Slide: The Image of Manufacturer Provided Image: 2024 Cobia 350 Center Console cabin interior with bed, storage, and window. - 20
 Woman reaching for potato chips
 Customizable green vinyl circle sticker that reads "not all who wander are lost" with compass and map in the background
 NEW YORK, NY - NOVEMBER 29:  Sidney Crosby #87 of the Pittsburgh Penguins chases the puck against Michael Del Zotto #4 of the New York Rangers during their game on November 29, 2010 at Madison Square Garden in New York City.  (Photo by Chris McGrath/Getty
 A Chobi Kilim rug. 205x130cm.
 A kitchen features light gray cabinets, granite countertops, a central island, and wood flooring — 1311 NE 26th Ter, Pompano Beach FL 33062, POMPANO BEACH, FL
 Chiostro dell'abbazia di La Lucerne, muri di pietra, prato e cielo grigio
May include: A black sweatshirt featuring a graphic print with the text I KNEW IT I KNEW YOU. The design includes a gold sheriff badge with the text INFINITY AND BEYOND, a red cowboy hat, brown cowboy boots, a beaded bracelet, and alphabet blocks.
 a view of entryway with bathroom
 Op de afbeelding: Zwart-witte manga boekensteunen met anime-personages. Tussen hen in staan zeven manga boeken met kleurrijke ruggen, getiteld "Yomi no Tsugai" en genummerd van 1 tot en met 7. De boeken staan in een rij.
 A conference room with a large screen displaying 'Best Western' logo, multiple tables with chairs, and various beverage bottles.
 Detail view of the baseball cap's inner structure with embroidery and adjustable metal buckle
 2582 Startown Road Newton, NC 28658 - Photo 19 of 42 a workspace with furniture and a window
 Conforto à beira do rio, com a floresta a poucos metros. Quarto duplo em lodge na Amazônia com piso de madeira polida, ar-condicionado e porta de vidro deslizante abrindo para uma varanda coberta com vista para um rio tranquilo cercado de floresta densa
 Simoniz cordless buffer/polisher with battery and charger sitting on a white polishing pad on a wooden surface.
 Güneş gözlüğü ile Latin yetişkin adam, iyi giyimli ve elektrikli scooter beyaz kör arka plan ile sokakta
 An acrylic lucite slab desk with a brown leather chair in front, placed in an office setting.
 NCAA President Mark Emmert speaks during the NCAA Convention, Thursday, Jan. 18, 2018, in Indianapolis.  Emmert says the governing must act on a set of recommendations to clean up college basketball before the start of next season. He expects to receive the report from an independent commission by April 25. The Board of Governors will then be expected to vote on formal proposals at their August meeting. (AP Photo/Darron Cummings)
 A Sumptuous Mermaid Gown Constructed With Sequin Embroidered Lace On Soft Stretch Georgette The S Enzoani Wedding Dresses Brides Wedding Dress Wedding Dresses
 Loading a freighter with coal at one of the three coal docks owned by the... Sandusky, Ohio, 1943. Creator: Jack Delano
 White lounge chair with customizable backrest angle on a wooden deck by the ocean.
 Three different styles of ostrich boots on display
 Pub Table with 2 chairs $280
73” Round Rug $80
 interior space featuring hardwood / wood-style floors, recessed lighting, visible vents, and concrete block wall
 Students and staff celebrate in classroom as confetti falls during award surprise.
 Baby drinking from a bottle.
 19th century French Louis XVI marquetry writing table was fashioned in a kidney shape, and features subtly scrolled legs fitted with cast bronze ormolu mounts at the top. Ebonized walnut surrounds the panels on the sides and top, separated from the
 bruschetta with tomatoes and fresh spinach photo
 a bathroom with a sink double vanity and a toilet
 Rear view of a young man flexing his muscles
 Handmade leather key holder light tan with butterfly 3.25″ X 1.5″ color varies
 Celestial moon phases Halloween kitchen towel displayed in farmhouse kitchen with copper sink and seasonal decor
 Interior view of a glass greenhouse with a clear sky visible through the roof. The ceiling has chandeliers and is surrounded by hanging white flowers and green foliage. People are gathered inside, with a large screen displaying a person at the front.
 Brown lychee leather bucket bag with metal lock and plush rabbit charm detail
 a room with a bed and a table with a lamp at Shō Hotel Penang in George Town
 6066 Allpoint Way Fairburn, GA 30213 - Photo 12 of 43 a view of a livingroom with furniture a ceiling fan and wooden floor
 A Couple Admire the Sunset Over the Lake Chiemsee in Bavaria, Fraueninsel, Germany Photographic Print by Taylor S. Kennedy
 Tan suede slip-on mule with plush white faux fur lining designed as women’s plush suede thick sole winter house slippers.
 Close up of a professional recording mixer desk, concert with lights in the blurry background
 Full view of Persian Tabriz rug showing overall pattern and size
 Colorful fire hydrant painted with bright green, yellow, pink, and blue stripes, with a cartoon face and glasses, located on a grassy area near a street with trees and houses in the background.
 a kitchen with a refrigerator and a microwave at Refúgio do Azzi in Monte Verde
---
### Your task
Please retype the listing above with no line missing.

### Reply
Slide: The Image of Manufacturer Provided Image: 2024 Cobia 350 Center Console cabin interior with bed, storage, and window. - 20
 Woman reaching for potato chips
 Customizable green vinyl circle sticker that reads "not all who wander are lost" with compass and map in the background
 NEW YORK, NY - NOVEMBER 29:  Sidney Crosby #87 of the Pittsburgh Penguins chases the puck against Michael Del Zotto #4 of the New York Rangers during their game on November 29, 2010 at Madison Square Garden in New York City.  (Photo by Chris McGrath/Getty
 A Chobi Kilim rug. 205x130cm.
 A kitchen features light gray cabinets, granite countertops, a central island, and wood flooring — 1311 NE 26th Ter, Pompano Beach FL 33062, POMPANO BEACH, FL
 Chiostro dell'abbazia di La Lucerne, muri di pietra, prato e cielo grigio
May include: A black sweatshirt featuring a graphic print with the text I KNEW IT I KNEW YOU. The design includes a gold sheriff badge with the text INFINITY AND BEYOND, a red cowboy hat, brown cowboy boots, a beaded bracelet, and alphabet blocks.
 a view of entryway with bathroom
 Op de afbeelding: Zwart-witte manga boekensteunen met anime-personages. Tussen hen in staan zeven manga boeken met kleurrijke ruggen, getiteld "Yomi no Tsugai" en genummerd van 1 tot en met 7. De boeken staan in een rij.
 A conference room with a large screen displaying 'Best Western' logo, multiple tables with chairs, and various beverage bottles.
 Detail view of the baseball cap's inner structure with embroidery and adjustable metal buckle
 2582 Startown Road Newton, NC 28658 - Photo 19 of 42 a workspace with furniture and a window
 Conforto à beira do rio, com a floresta a poucos metros. Quarto duplo em lodge na Amazônia com piso de madeira polida, ar-condicionado e porta de vidro deslizante abrindo para uma varanda coberta com vista para um rio tranquilo cercado de floresta densa
 Simoniz cordless buffer/polisher with battery and charger sitting on a white polishing pad on a wooden surface.
 Güneş gözlüğü ile Latin yetişkin adam, iyi giyimli ve elektrikli scooter beyaz kör arka plan ile sokakta
 An acrylic lucite slab desk with a brown leather chair in front, placed in an office setting.
 NCAA President Mark Emmert speaks during the NCAA Convention, Thursday, Jan. 18, 2018, in Indianapolis.  Emmert says the governing must act on a set of recommendations to clean up college basketball before the start of next season. He expects to receive the report from an independent commission by April 25. The Board of Governors will then be expected to vote on formal proposals at their August meeting. (AP Photo/Darron Cummings)
 A Sumptuous Mermaid Gown Constructed With Sequin Embroidered Lace On Soft Stretch Georgette The S Enzoani Wedding Dresses Brides Wedding Dress Wedding Dresses
 Loading a freighter with coal at one of the three coal docks owned by the... Sandusky, Ohio, 1943. Creator: Jack Delano
 White lounge chair with customizable backrest angle on a wooden deck by the ocean.
 Three different styles of ostrich boots on display
 Pub Table with 2 chairs $280
73” Round Rug $80
 interior space featuring hardwood / wood-style floors, recessed lighting, visible vents, and concrete block wall
 Students and staff celebrate in classroom as confetti falls during award surprise.
 Baby drinking from a bottle.
 19th century French Louis XVI marquetry writing table was fashioned in a kidney shape, and features subtly scrolled legs fitted with cast bronze ormolu mounts at the top. Ebonized walnut surrounds the panels on the sides and top, separated from the
 bruschetta with tomatoes and fresh spinach photo
 a bathroom with a sink double vanity and a toilet
 Rear view of a young man flexing his muscles
 Handmade leather key holder light tan with butterfly 3.25″ X 1.5″ color varies
 Celestial moon phases Halloween kitchen towel displayed in farmhouse kitchen with copper sink and seasonal decor
 Interior view of a glass greenhouse with a clear sky visible through the roof. The ceiling has chandeliers and is surrounded by hanging white flowers and green foliage. People are gathered inside, with a large screen displaying a person at the front.
 Brown lychee leather bucket bag with metal lock and plush rabbit charm detail
 a room with a bed and a table with a lamp at Shō Hotel Penang in George Town
 6066 Allpoint Way Fairburn, GA 30213 - Photo 12 of 43 a view of a livingroom with furniture a ceiling fan and wooden floor
 A Couple Admire the Sunset Over the Lake Chiemsee in Bavaria, Fraueninsel, Germany Photographic Print by Taylor S. Kennedy
 Tan suede slip-on mule with plush white faux fur lining designed as women’s plush suede thick sole winter house slippers.
 Close up of a professional recording mixer desk, concert with lights in the blurry background
 Full view of Persian Tabriz rug showing overall pattern and size
 Colorful fire hydrant painted with bright green, yellow, pink, and blue stripes, with a cartoon face and glasses, located on a grassy area near a street with trees and houses in the background.
 a kitchen with a refrigerator and a microwave at Refúgio do Azzi in Monte Verde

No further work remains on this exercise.